This is not surprising, given that, during Trump’s first term, Marco Rubio lobbied the president to launch a US invasion of Venezuela.

Today, Rubio is the second-most powerful person in the US government, and he is now overseeing this neocolonial war.

The FT made it clear that the US has three main goals: overthrowing Venezuela’s independent leftist government; exploiting the country’s plentiful natural resources; and cutting off its ties with China, Russia, and Iran.

“At stake in Venezuela are the world’s largest proven oil reserves and valuable deposits of gold, diamonds and coltan”, the newspaper stressed.

The FT quoted a wealthy US-backed Venezuelan opposition figure, who revealed, “The plan now is a capture of Nicolás Maduro. Capture-kill or capture-arrest and take him out, one way or another”.

So the US empire has two war scenarios for Venezuela: the Panama option, or the Libya option.

The US invaded Panama in 1989, killed many civilians, overthrew its government, and arrested its leader Manuel Noriega (who, ironically, was a longtime CIA asset, who had spent years trafficking drugs with the backing of US spy agencies).

US-led NATO forces waged a regime-change war in Libya in 2011, killing anti-colonial leader Muammar Gaddafi, and collapsing the state. Still today, 14 years later, Libya is a failed state that has been plagued by endless civil war, and open-air slave markets where African refugees are bought and sold like cattle.

Either scenario would be catastrophic for the people of Venezuela, but they are never considered in the war plans made by Washington’s imperial strategists.

The US government is allied with the worst drug-traffickers in Latin America

The US military killed dozens of people in attacks on boats in the Caribbean and eastern Pacific in September and October 2025. None of the victims were formally charged or given a trial.

The Trump administration did not present a shred of evidence proving that the people it executed were “drug traffickers”.

Among the victims were fishermen from Venezuela, Colombia, and Trinidad and Tobago.

One of the few leaders in the region who was brave enough to stand up to the US empire and speak out against its extrajudicial executions was Colombia’s President Gustavo Petro, the country’s first ever left-wing leader.

Petro has been particularly outspoken against Trump. In his 2025 speech at the UN General Assembly, the Colombian president compared the US government to Nazi Germany and called Trump the “new Hitler”.

petro xi china colombia

Colombia’s President Gustavo Petro with China’s President Xi Jinping in October 2023

Colombia has historically been the closest US ally in Latin America.
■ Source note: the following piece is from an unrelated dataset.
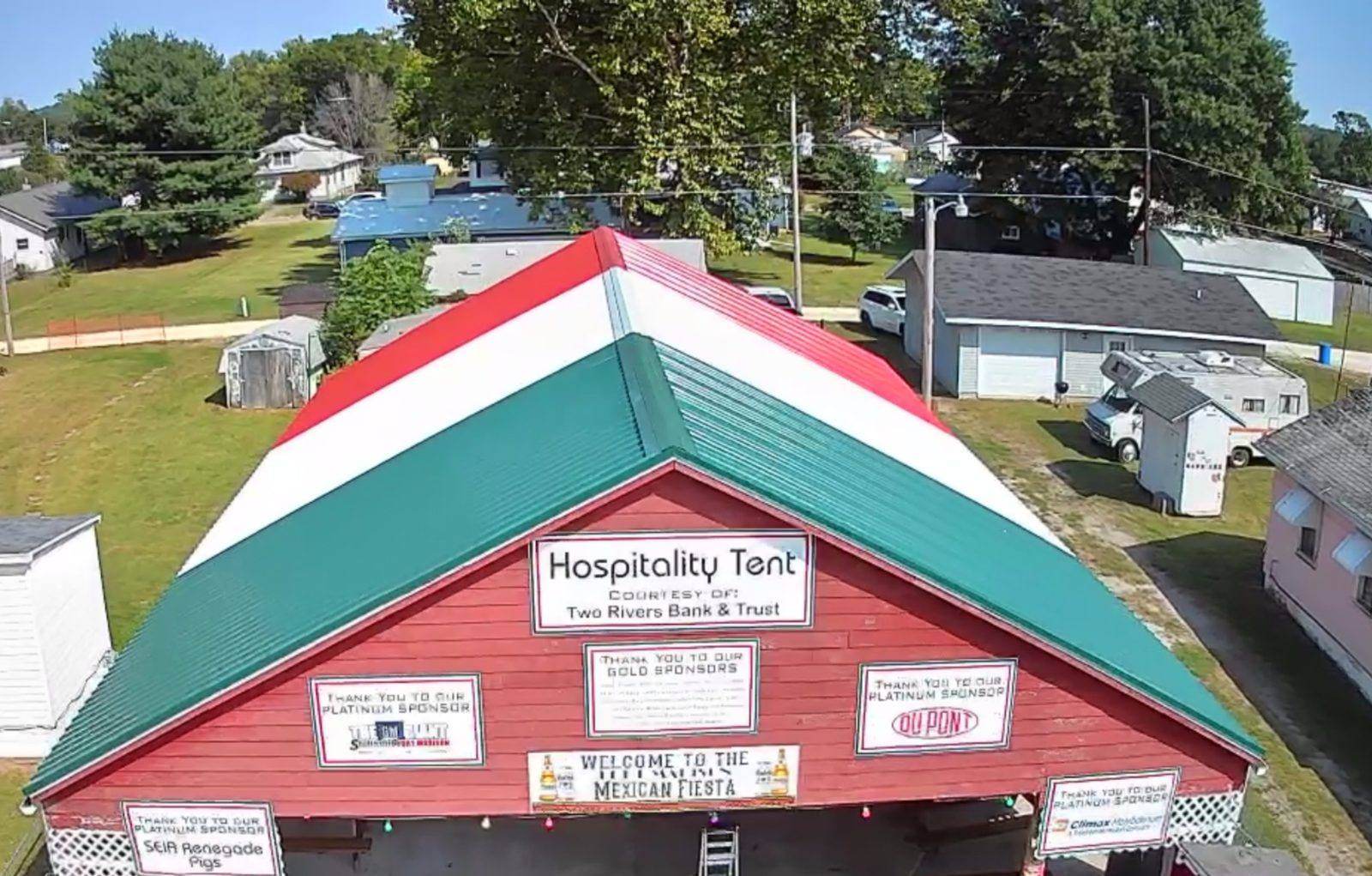 Aerial view of the Fiesta Hospitality Tent, its roof painted in the colors of the Mexican flag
The country has been governed for decades by corrupt right-wing oligarchs.

Petro is the first modern leader of the country to pursue an independent, non-aligned foreign policy. He took a historic trip to Beijing in May, where he signed an agreement for Colombia to join the Belt and Road Initiative. This infuriated China hawks in Washington.

To punish Petro for resisting the US empire and defending his country’s sovereignty, the Trump administration imposed sanctions on the democratically elected Colombian president and his family members.

In an angry post on his website Truth Social, Trump viciously attacked Petro and repeatedly misspelled the name of the country, confusing Colombia the nation with the US university, Columbia.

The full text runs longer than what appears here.